By Thandiwe Kubere
The Ministry of Education and Training (MoET) officially handed over 245 laptops and other essential information and communications technology equipment. This was funded by the World Bank to afford junior secondary science and mathematics teachers from 69 schools in the ten districts of Lesotho essential study material. This was also undertaken as part of strengthening the education system in Lesotho and contributing to better learning.
The equipment supplied also included modems for internet access, flash drives, and accompanying solar panels for schools in rural areas where there is no electricity. Science education is key to innovation, global competitiveness, and the advancement of individuals; therefore, meeting teachers halfway with the necessary resources to capacitate students is vital.

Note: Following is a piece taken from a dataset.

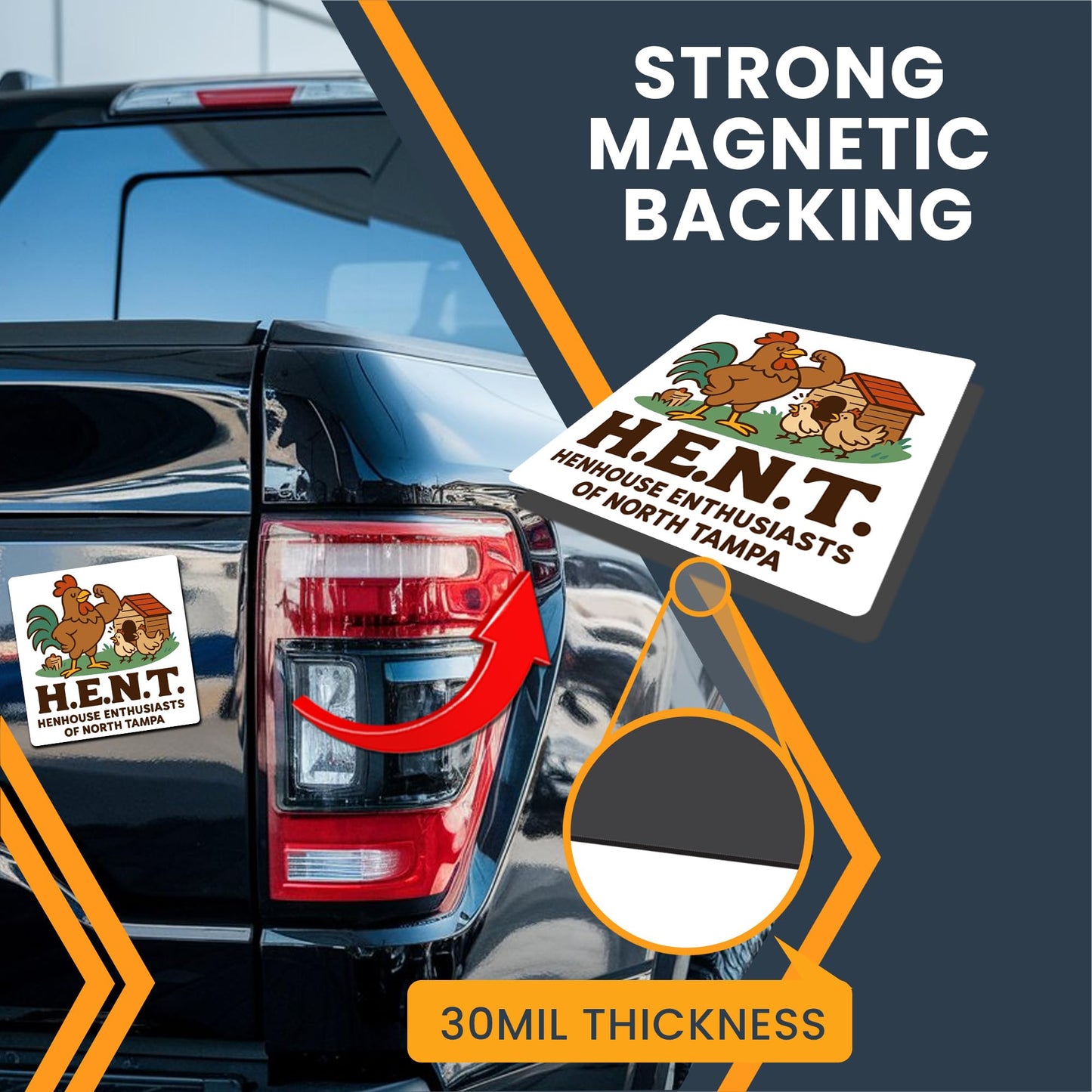 Magnet Me Up H.E.N.T. Henhouse Enthusiasts of North Tampa Magnet - 5" Funny Car Magnet for Adults, Hilarious Chicken-Themed Gag Gift, Durable UV Vinyl - Made in USA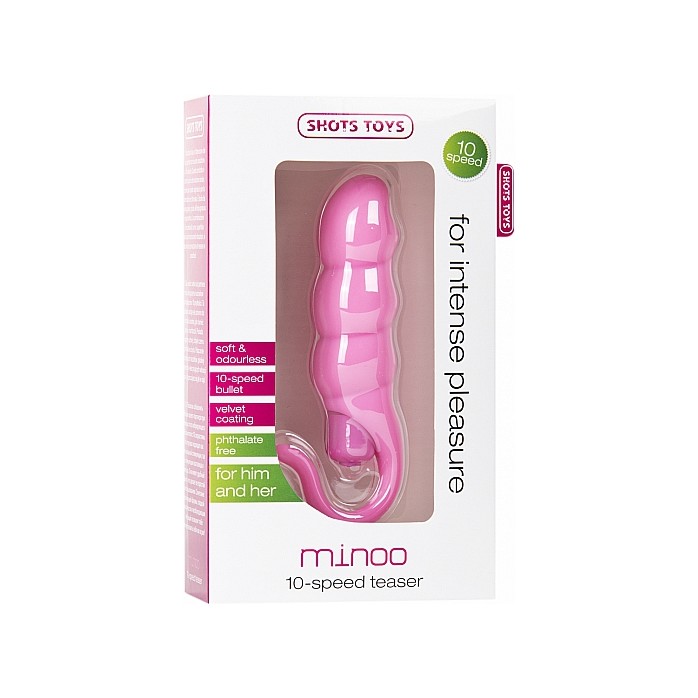 Розовый вибратор со стимуляцией клитора Minoo - 18 см - Shots Toys. Фотография 2.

In his remarks, the Minister of Education and Training, Honourable Ntoi Rapapa, revealed the selection of schools was done in a rather unusual way because normally, this kind of equipment would have been handed to schools that already perform well so that they do even better, but this time, low-performing schools were selected as a way of contributing to their learning so that they can perform better and excel in their studies as well.
He also noted that teaching scientific subjects is already a challenge, and it becomes even worse when there is lack of essential equipment, because science requires practical teaching and experiments to ensure effective learning. This therefore prompted the Ministry, with the aid of the World Bank, to contribute towards that need.
Hon. Rapapa declared that this act will be helpful in the long run and is of significant nature because maths and science play a major role in the development of the country. Science education plays a crucial role in the development of a country because it equips individuals with the skills to understand and solve problems in fields such as healthcare, technology, and the environment.
He further thanked those working in the Basic Education Strengthening Project and training who work tirelessly to change the education system in Lesotho for the better. He urged the teachers to use the equipment to assist students even beyond school premises, for they have a responsibility to guide students and aid them even in their personal lives. “We have received a huge number of unpleasant reports that children who should be in schools engage in a lot of drug use, and we hope you will conduct research and scientifically educate them on the adverse consequences of such actions. The future of this country is in science and technology, he said.
Speaking on behalf of teachers, Lesotho Science and Maths Teachers Association President Keketso Leteba extended gratitude to both the Ministry and the World Bank, declaring this will come in handy because, from now on, we will not have to witness students struggle due to only being taught theory and lacking the necessary practical and being hands-on on their work, which will in turn help them grasp even more. “We believe students will greatly improve because now we will easily access the internet and display visually what we are teaching about. This is a huge contribution, especially now that we are living in the 21st century; where technology is evidently taking over. Having modems to easily access the internet is a cherry on top. We also promise to take very good care of this equipment, and we assure that it will benefit both us and our students,” he concluded.